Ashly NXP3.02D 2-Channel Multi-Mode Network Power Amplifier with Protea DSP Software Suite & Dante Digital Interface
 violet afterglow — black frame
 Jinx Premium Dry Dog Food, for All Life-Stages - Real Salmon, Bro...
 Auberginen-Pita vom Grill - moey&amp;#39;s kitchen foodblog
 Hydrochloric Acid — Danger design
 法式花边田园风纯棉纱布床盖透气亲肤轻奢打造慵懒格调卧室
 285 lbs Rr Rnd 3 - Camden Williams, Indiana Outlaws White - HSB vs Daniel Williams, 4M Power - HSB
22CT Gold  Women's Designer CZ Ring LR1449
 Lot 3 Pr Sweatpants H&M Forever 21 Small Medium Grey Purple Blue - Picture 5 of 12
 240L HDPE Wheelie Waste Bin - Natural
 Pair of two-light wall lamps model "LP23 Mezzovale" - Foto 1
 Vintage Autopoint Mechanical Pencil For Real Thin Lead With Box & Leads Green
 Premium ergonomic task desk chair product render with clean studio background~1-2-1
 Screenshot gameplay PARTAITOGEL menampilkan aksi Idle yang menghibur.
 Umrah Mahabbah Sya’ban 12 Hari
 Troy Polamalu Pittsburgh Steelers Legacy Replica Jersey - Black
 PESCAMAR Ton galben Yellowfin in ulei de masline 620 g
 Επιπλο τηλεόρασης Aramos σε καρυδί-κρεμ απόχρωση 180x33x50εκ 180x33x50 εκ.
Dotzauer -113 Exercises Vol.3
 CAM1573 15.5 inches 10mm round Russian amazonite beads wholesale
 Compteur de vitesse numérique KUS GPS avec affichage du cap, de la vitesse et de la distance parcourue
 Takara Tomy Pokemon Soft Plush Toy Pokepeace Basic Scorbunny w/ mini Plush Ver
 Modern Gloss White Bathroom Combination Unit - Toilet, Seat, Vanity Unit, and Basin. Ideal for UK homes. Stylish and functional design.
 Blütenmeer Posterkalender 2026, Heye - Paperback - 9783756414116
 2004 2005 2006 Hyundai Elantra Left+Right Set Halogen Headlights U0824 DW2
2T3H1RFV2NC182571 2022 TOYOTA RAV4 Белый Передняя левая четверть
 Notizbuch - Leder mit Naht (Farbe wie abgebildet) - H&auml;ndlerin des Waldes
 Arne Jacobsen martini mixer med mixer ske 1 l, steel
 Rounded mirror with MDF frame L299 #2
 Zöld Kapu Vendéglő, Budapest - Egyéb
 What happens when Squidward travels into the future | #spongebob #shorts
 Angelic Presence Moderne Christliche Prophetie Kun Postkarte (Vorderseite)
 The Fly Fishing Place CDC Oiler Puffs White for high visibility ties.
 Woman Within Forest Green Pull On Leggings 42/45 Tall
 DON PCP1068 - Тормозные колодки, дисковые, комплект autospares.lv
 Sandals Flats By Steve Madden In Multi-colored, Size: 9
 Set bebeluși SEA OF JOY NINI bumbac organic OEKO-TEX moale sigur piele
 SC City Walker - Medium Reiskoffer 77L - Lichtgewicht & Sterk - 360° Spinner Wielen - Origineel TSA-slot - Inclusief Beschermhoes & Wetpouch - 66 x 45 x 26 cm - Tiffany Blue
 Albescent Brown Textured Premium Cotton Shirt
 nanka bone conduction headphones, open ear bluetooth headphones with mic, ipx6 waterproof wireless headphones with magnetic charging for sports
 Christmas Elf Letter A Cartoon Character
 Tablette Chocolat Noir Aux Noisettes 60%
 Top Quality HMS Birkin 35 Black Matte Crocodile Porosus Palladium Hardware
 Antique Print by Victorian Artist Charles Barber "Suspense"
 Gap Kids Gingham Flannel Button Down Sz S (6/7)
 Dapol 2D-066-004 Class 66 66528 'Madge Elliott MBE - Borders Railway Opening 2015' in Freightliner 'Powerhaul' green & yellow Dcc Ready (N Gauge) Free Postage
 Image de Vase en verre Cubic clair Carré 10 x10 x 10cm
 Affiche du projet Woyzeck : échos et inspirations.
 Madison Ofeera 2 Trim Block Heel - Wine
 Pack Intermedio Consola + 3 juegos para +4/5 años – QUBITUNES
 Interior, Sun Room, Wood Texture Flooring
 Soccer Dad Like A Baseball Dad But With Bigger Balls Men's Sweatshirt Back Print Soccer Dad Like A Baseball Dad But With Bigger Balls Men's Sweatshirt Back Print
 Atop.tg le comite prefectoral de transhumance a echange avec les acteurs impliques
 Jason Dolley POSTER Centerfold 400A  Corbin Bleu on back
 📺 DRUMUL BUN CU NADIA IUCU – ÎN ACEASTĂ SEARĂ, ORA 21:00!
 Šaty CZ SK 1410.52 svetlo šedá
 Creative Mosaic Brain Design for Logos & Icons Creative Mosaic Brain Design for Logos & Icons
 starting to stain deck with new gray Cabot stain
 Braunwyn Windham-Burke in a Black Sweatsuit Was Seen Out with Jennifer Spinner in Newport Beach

> **TASK GOAL**
Return every entry exactly.

> **RESPONSE**
Ashly NXP3.02D 2-Channel Multi-Mode Network Power Amplifier with Protea DSP Software Suite & Dante Digital Interface
 violet afterglow — black frame
 Jinx Premium Dry Dog Food, for All Life-Stages - Real Salmon, Bro...
 Auberginen-Pita vom Grill - moey&amp;#39;s kitchen foodblog
 Hydrochloric Acid — Danger design
 法式花边田园风纯棉纱布床盖透气亲肤轻奢打造慵懒格调卧室
 285 lbs Rr Rnd 3 - Camden Williams, Indiana Outlaws White - HSB vs Daniel Williams, 4M Power - HSB
22CT Gold  Women's Designer CZ Ring LR1449
 Lot 3 Pr Sweatpants H&M Forever 21 Small Medium Grey Purple Blue - Picture 5 of 12
 240L HDPE Wheelie Waste Bin - Natural
 Pair of two-light wall lamps model "LP23 Mezzovale" - Foto 1
 Vintage Autopoint Mechanical Pencil For Real Thin Lead With Box & Leads Green
 Premium ergonomic task desk chair product render with clean studio background~1-2-1
 Screenshot gameplay PARTAITOGEL menampilkan aksi Idle yang menghibur.
 Umrah Mahabbah Sya’ban 12 Hari
 Troy Polamalu Pittsburgh Steelers Legacy Replica Jersey - Black
 PESCAMAR Ton galben Yellowfin in ulei de masline 620 g
 Επιπλο τηλεόρασης Aramos σε καρυδί-κρεμ απόχρωση 180x33x50εκ 180x33x50 εκ.
Dotzauer -113 Exercises Vol.3
 CAM1573 15.5 inches 10mm round Russian amazonite beads wholesale
 Compteur de vitesse numérique KUS GPS avec affichage du cap, de la vitesse et de la distance parcourue
 Takara Tomy Pokemon Soft Plush Toy Pokepeace Basic Scorbunny w/ mini Plush Ver
 Modern Gloss White Bathroom Combination Unit - Toilet, Seat, Vanity Unit, and Basin. Ideal for UK homes. Stylish and functional design.
 Blütenmeer Posterkalender 2026, Heye - Paperback - 9783756414116
 2004 2005 2006 Hyundai Elantra Left+Right Set Halogen Headlights U0824 DW2
2T3H1RFV2NC182571 2022 TOYOTA RAV4 Белый Передняя левая четверть
 Notizbuch - Leder mit Naht (Farbe wie abgebildet) - H&auml;ndlerin des Waldes
 Arne Jacobsen martini mixer med mixer ske 1 l, steel
 Rounded mirror with MDF frame L299 #2
 Zöld Kapu Vendéglő, Budapest - Egyéb
 What happens when Squidward travels into the future | #spongebob #shorts
 Angelic Presence Moderne Christliche Prophetie Kun Postkarte (Vorderseite)
 The Fly Fishing Place CDC Oiler Puffs White for high visibility ties.
 Woman Within Forest Green Pull On Leggings 42/45 Tall
 DON PCP1068 - Тормозные колодки, дисковые, комплект autospares.lv
 Sandals Flats By Steve Madden In Multi-colored, Size: 9
 Set bebeluși SEA OF JOY NINI bumbac organic OEKO-TEX moale sigur piele
 SC City Walker - Medium Reiskoffer 77L - Lichtgewicht & Sterk - 360° Spinner Wielen - Origineel TSA-slot - Inclusief Beschermhoes & Wetpouch - 66 x 45 x 26 cm - Tiffany Blue
 Albescent Brown Textured Premium Cotton Shirt
 nanka bone conduction headphones, open ear bluetooth headphones with mic, ipx6 waterproof wireless headphones with magnetic charging for sports
 Christmas Elf Letter A Cartoon Character
 Tablette Chocolat Noir Aux Noisettes 60%
 Top Quality HMS Birkin 35 Black Matte Crocodile Porosus Palladium Hardware
 Antique Print by Victorian Artist Charles Barber "Suspense"
 Gap Kids Gingham Flannel Button Down Sz S (6/7)
 Dapol 2D-066-004 Class 66 66528 'Madge Elliott MBE - Borders Railway Opening 2015' in Freightliner 'Powerhaul' green & yellow Dcc Ready (N Gauge) Free Postage
 Image de Vase en verre Cubic clair Carré 10 x10 x 10cm
 Affiche du projet Woyzeck : échos et inspirations.
 Madison Ofeera 2 Trim Block Heel - Wine
 Pack Intermedio Consola + 3 juegos para +4/5 años – QUBITUNES
 Interior, Sun Room, Wood Texture Flooring
 Soccer Dad Like A Baseball Dad But With Bigger Balls Men's Sweatshirt Back Print Soccer Dad Like A Baseball Dad But With Bigger Balls Men's Sweatshirt Back Print
 Atop.tg le comite prefectoral de transhumance a echange avec les acteurs impliques
 Jason Dolley POSTER Centerfold 400A  Corbin Bleu on back
 📺 DRUMUL BUN CU NADIA IUCU – ÎN ACEASTĂ SEARĂ, ORA 21:00!
 Šaty CZ SK 1410.52 svetlo šedá
 Creative Mosaic Brain Design for Logos & Icons Creative Mosaic Brain Design for Logos & Icons
 starting to stain deck with new gray Cabot stain
 Braunwyn Windham-Burke in a Black Sweatsuit Was Seen Out with Jennifer Spinner in Newport Beach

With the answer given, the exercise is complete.